Yeah, I can see how “too nice” can be an euphemism for “spineless”.

wordsmith
02-26-2007, 02:29 PM
Too nice is also often a euphemism for clingy.

WorkInProgress
02-26-2007, 02:30 PM
Since forever, I think. "too nice" is usually synonymous with not being decisive and letting people walk all over you, it's only a "good" pairing if the woman is dominant/controlling enough to want to run the guy's life for him. Plenty dysfunctional, but compatible.

Basically. I think it's a confusing euphemism, because it sounds too much like "nice" is not good, when "nice" is just fine but "doormat" is not (excepting situations like the one described above).

EDIT: Wow, major cross-post there.

BadKitty
02-26-2007, 02:30 PM
Too nice is also often a euphemism for clingy.

Definitely not good.

weary
02-26-2007, 02:32 PM
Yeah, I can see how “too nice” can be an euphemism for “spineless”.
that's what came to mind when i read it. i dated a guy who's way of asking me out again was "so when do want to see me again?". it was cute that he was a little shy when we first started hanging out, but i knew he had enough balls to ask me out b/c he had to track me down to come after me for our first date. and he wasn't that way when we were actually together, so that cute/shy sh*t w/ "do you want to see me" was for the birds, and i told him so. if YOU want to see ME, then say so, and i'll accept or i won't. but don't be a punk about it.

weary
02-26-2007, 02:34 PM
oh and paul, all those suggestions are ridiculous. who the hell were these ppl anyway? and how did you have enough patience not to say, GFYS to him/her/them?

Syracuse
02-26-2007, 02:42 PM
that's what came to mind when i read it. i dated a guy who's way of asking me out again was "so when do want to see me again?". it was cute that he was a little shy when we first started hanging out, but i knew he had enough balls to ask me out b/c he had to track me down to come after me for our first date. and he wasn't that way when we were actually together, so that cute/shy sh*t w/ "do you want to see me" was for the birds, and i told him so. if YOU want to see ME, then say so, and i'll accept or i won't. but don't be a punk about it.
Come on give shy guys a chance, geez you girls don't know how hard you make it. Evil girls . . . :evil:

BadKitty
02-26-2007, 02:44 PM
that's what came to mind when i read it. i dated a guy who's way of asking me out again was "so when do want to see me again?". it was cute that he was a little shy when we first started hanging out, but i knew he had enough balls to ask me out b/c he had to track me down to come after me for our first date. and he wasn't that way when we were actually together, so that cute/shy sh*t w/ "do you want to see me" was for the birds, and i told him so. if YOU want to see ME, then say so, and i'll accept or i won't. but don't be a punk about it.

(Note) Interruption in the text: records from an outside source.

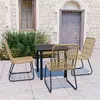 Image de vidaXL 5-delige Tuinset poly rattan en glas3060238
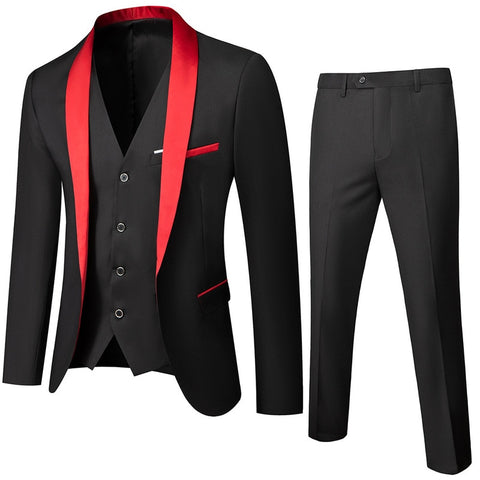 Image of Wedding Eveing Dress 3 Pieces Jacket+Pants+Vest Men Suit Set Slim Fit Tuxedo Male Blazer Customized British Style Bride Clothing-FrenzyAfricanFashion.com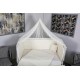 Lenjerie MyKids 11 piese Cream color cu baldachin 120x60 cm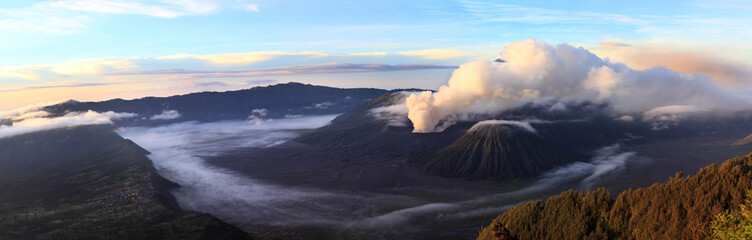 Beautiful Vibrant Bromo volcano at sunrise,Tengger Semeru National Park, East Java, Indonesia,panorama view.
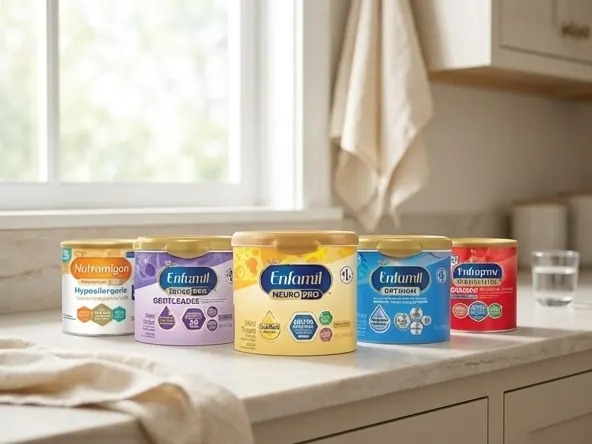 Win a Year's Supply of Enfamil Formula, product in warm kitchen setting with soft blur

Yeah, I’ve dealt with a guy with similar behavior. The kicker is he would claim that he was sensitive, emotional, and would complain about others’ hurtful behavior, but would hurt people immensely precisely because of his inability to grow a sack. Being shy in itself is not a deal breaker for me. Unless it’s to the degree described by weary.

I have also noticed that sometimes when some women say that someone is “too nice”, they mean precisely that, and are then crushed when their bad-ass biker boyfriend cheats on them.

Pen, these dating tips you were offered, are crap. Especially, the suit and the middle-aged woman bits. :mad:

weary
02-26-2007, 02:46 PM
Come on give shy guys a chance, geez you girls don't know how hard you make it. Evil girls . . . :evil:
if you've already hung out w/ a girl 6+ times and talk to her on the phone regularly, is it really that hard to ask her on another date? obviously she's interested if she's accepted all your other invites and intiated a few of her own. that's what i'm saying here. i in no way think a dude has to do all the asking or initiating...but when he does, he better man up!! :p

embrassezla
02-26-2007, 03:01 PM
My SO has made similar comments to his friend, and maybe they are blunt (Pull up your pants, get your teeth fixed), but he really is just trying to help. I don't think the idea is to be metrosexual, but to do things that are the most flattering. You don't have to buy (or wear?) a suit, but stylish, flattering clothing is never a bad idea. And I can't help but feel like if you want to maximize your chance for finding someone, you HAVE TO pay attention to your looks, at least in some capacity. It doesn't have to be drastic.

KCboy
02-26-2007, 03:33 PM
I appreciate it when people let me know of my shortcomings (bad haircut, crap in my teeth, ugly shirt, etc) when they actually want to help. How are we suppose to know how other see us if we don't accept input?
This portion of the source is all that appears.